GIVEN DATA:
Start of Block

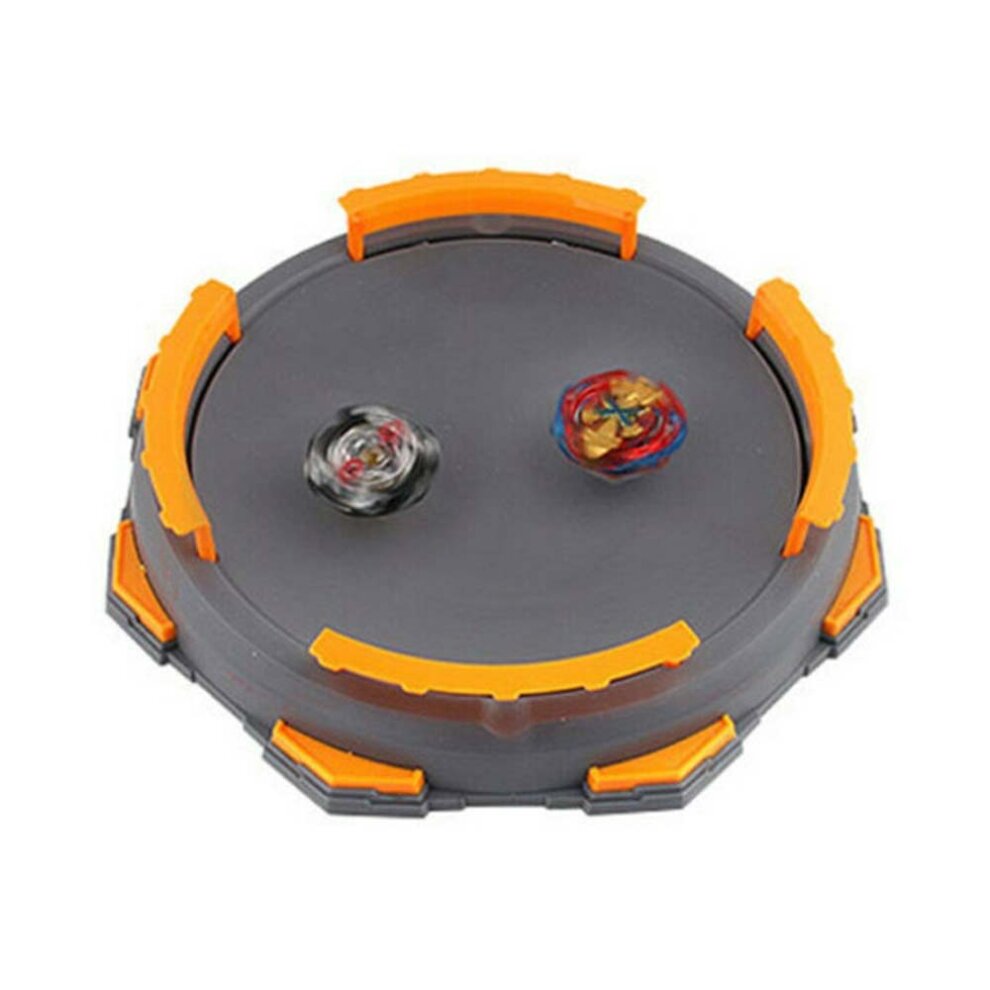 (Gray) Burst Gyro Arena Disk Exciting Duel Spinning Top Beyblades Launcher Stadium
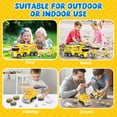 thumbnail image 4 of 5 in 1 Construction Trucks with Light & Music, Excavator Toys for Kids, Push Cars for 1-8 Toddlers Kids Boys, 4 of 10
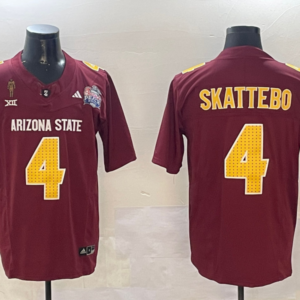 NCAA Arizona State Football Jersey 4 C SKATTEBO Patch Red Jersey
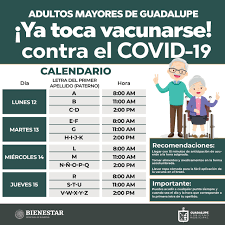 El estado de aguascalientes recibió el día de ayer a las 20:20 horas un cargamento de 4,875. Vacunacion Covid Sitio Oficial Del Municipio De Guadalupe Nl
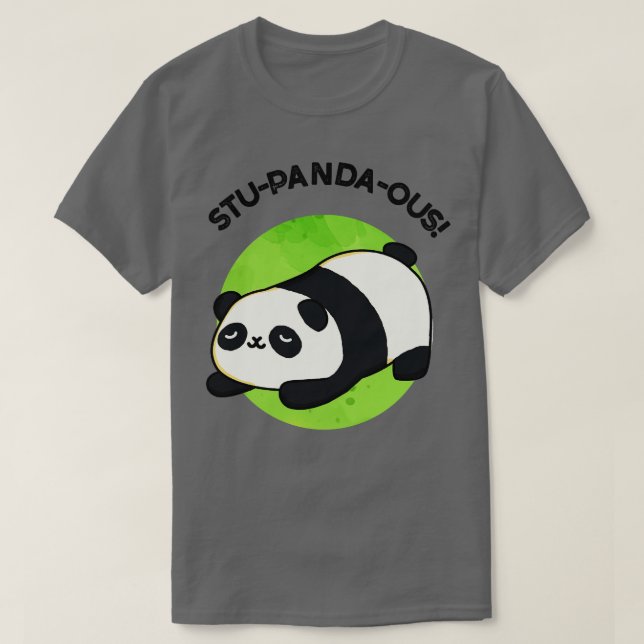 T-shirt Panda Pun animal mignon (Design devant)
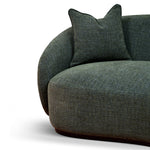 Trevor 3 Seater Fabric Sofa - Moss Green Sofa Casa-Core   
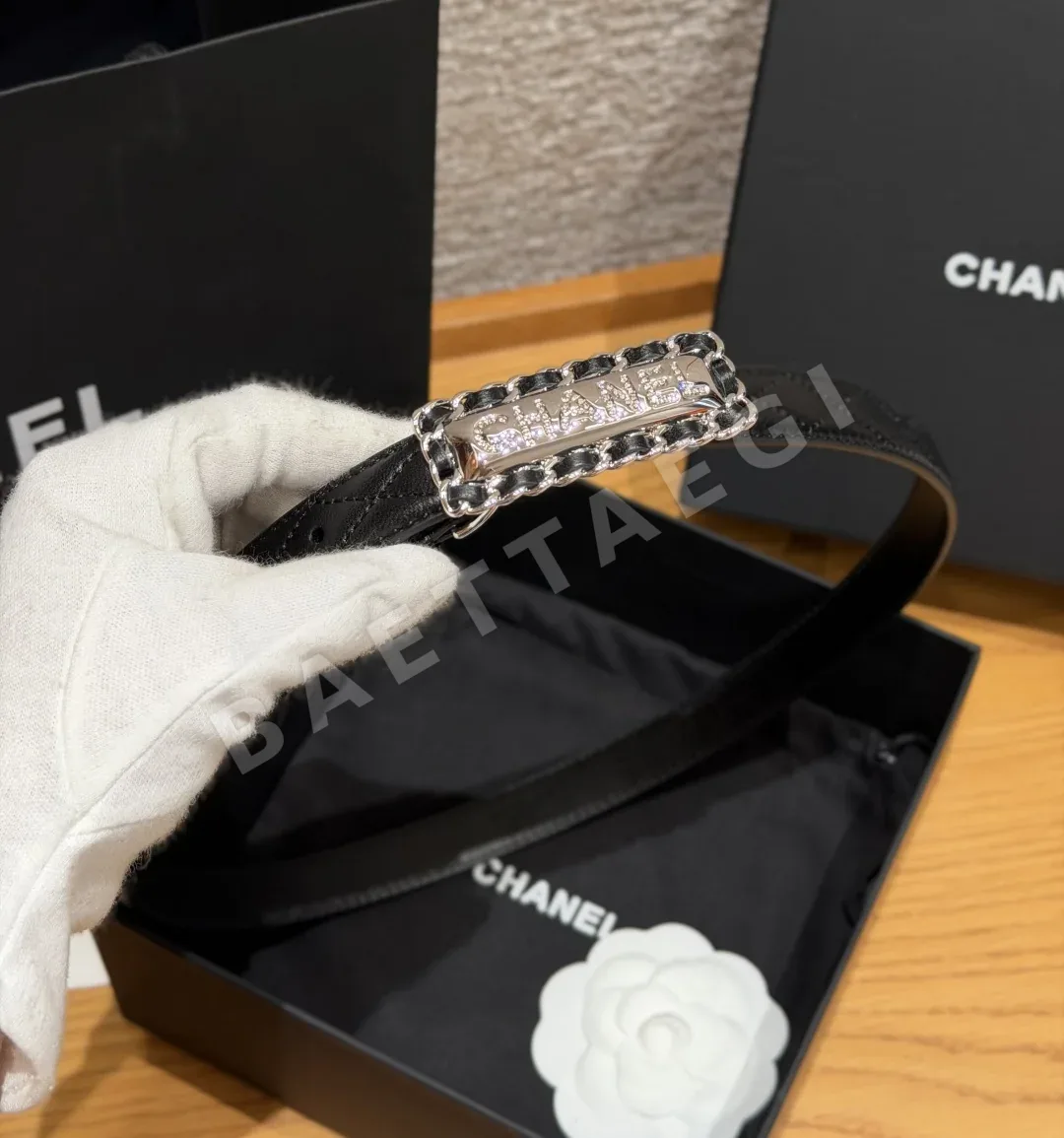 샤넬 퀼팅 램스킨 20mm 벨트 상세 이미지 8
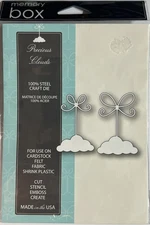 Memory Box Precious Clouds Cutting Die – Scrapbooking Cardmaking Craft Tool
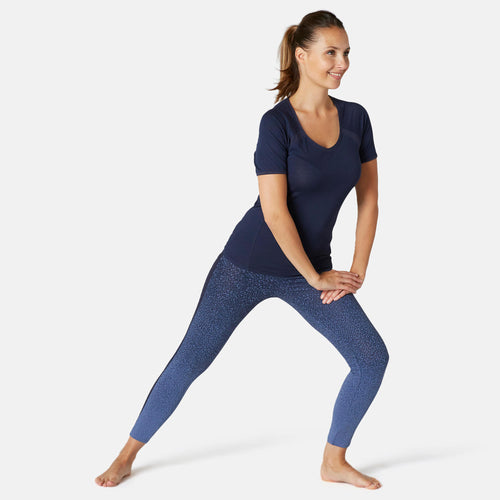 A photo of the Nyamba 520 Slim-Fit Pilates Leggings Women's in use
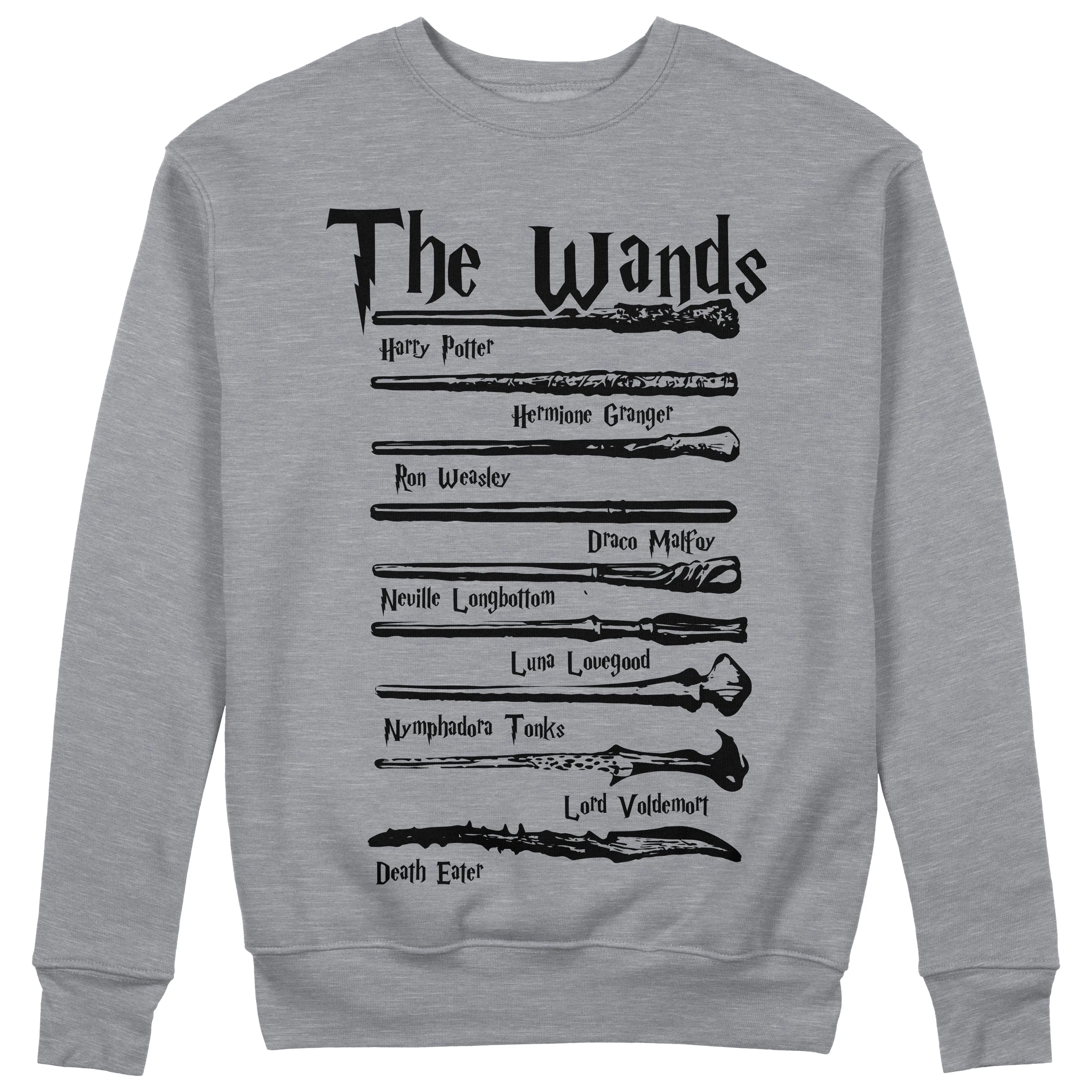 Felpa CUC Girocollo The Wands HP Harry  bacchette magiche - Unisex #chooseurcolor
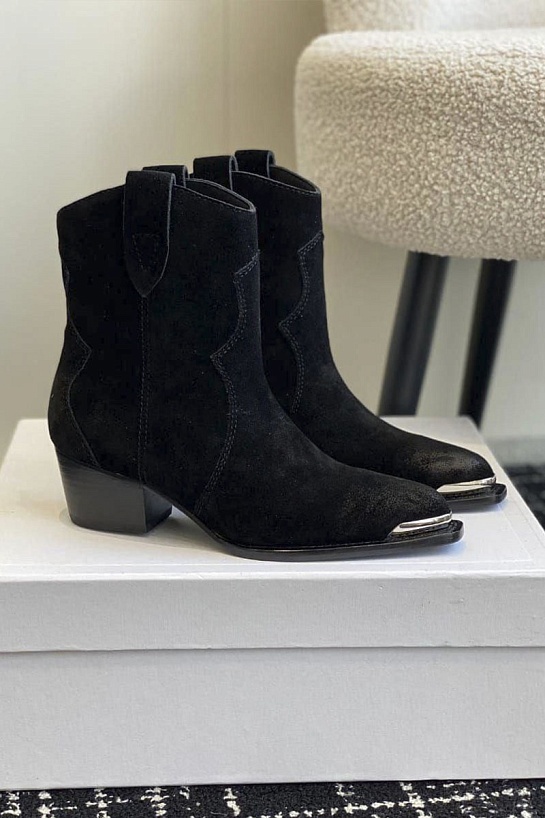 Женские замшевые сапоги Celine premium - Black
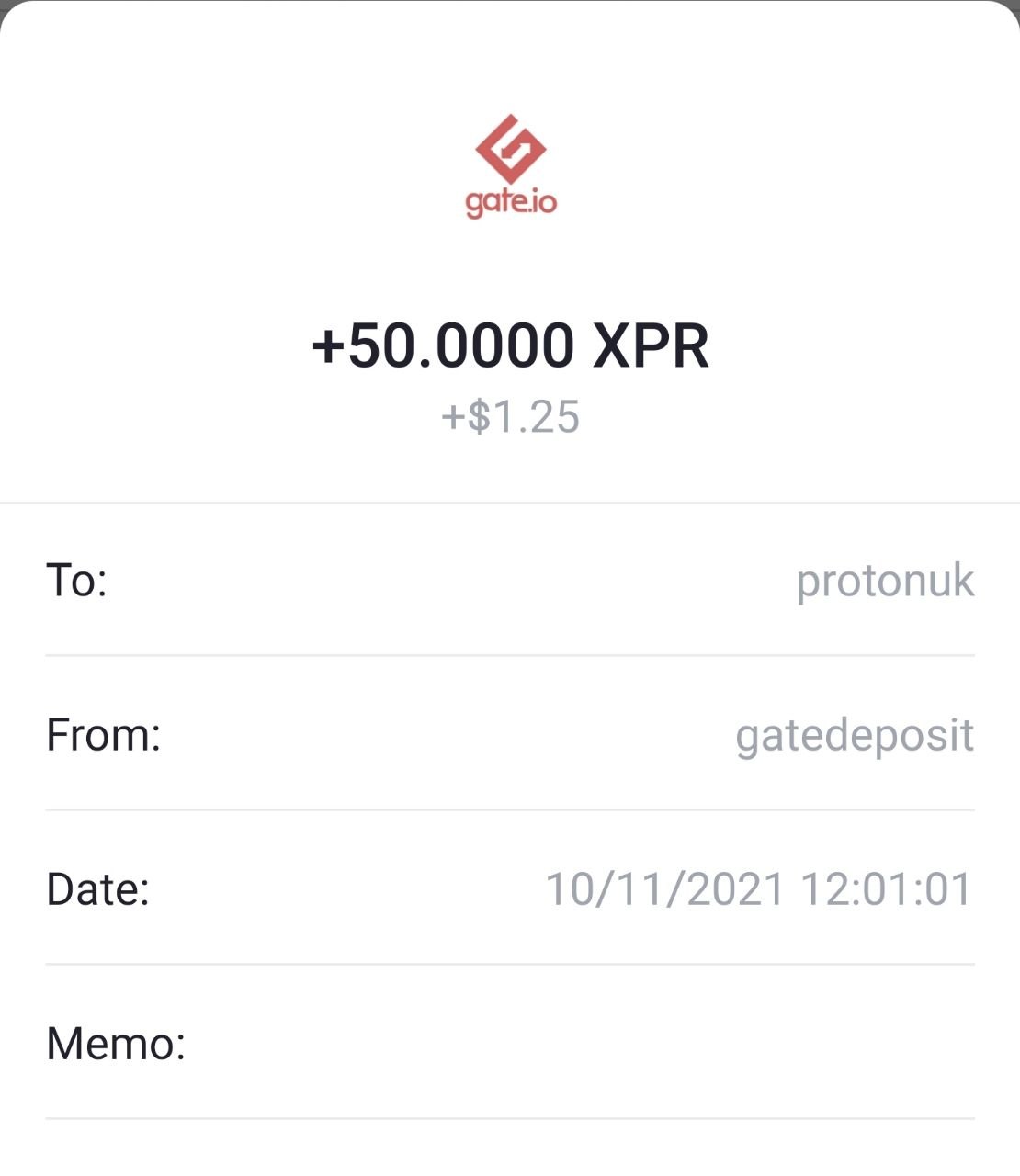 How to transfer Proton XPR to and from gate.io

End of Block

YOUR GOAL:
Excluding the images, copy all of the material above verbatim.

EXERCISE ANSWER:
 (Gray) Burst Gyro Arena Disk Exciting Duel Spinning Top Beyblades Launcher Stadium
 thumbnail image 4 of 5 in 1 Construction Trucks with Light & Music, Excavator Toys for Kids, Push Cars for 1-8 Toddlers Kids Boys, 4 of 10
 NCAA Arizona State Football Jersey 4 C SKATTEBO Patch Red Jersey
 El estado de aguascalientes recibió el día de ayer a las 20:20 horas un cargamento de 4,875. Vacunacion Covid Sitio Oficial Del Municipio De Guadalupe Nl
 T-shirt Panda Pun animal mignon (Design devant)
 Trevor 3 Seater Fabric Sofa - Moss Green Sofa Casa-Core   
 샤넬 퀼팅 램스킨 20mm 벨트 상세 이미지 8
 Memory Box Precious Clouds Cutting Die – Scrapbooking Cardmaking Craft Tool
 A photo of the Nyamba 520 Slim-Fit Pilates Leggings Women's in use
 Felpa CUC Girocollo The Wands HP Harry  bacchette magiche - Unisex #chooseurcolor
 Женские замшевые сапоги Celine premium - Black
 How to transfer Proton XPR to and from gate.io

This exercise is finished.